▶ **WHAT TO WORK ON**: Somewhere below are a line with "Buchstabe P als" and a later line with "للبيع بكره العمر". Output exactly those lines and all lines between them.

▶ **RECORDS FOR THE EXERCISE**:
* * * * * * * * *
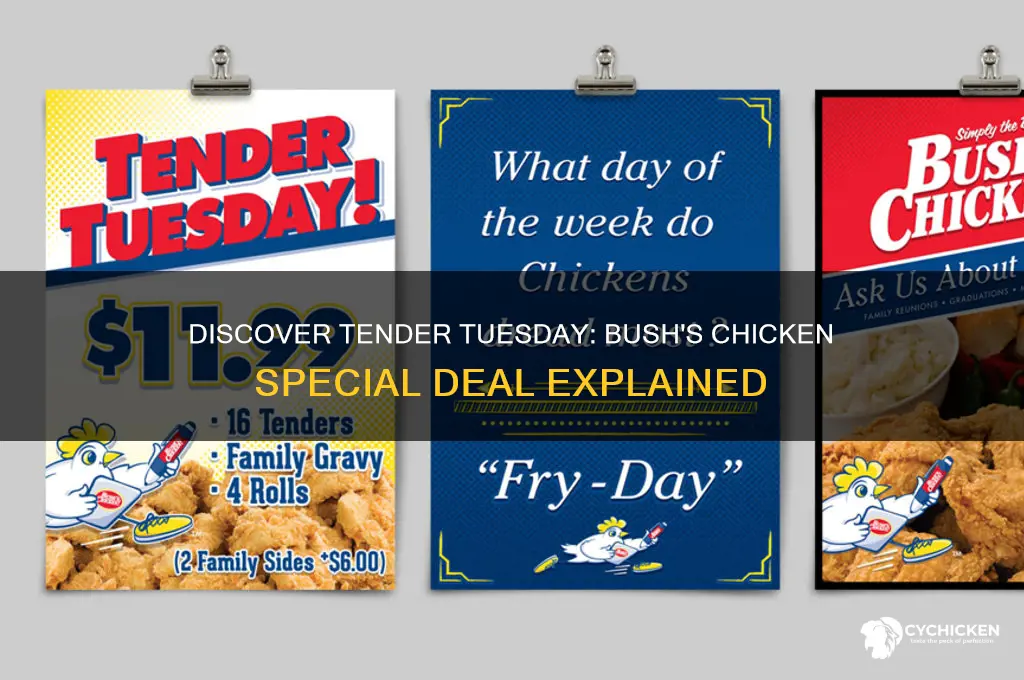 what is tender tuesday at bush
* * * * * * * * *
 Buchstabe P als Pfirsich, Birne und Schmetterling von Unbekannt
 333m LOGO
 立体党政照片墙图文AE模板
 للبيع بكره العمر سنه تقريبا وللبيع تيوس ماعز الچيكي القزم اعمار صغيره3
* * * * * * * * *
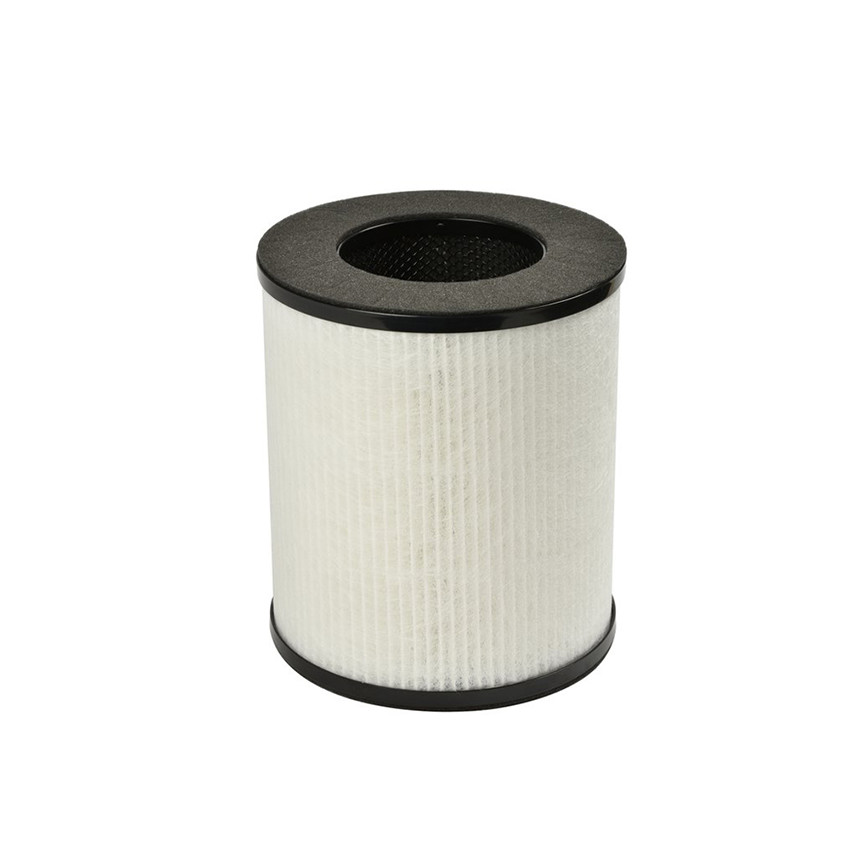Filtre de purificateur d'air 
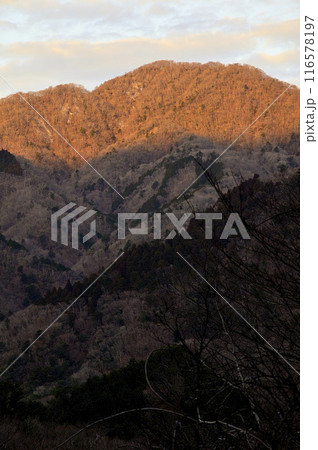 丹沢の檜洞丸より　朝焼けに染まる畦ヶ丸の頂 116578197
* * * * * * * * *
▶ **TASK OUTPUT**:
 Buchstabe P als Pfirsich, Birne und Schmetterling von Unbekannt
 333m LOGO
 立体党政照片墙图文AE模板
 للبيع بكره العمر سنه تقريبا وللبيع تيوس ماعز الچيكي القزم اعمار صغيره3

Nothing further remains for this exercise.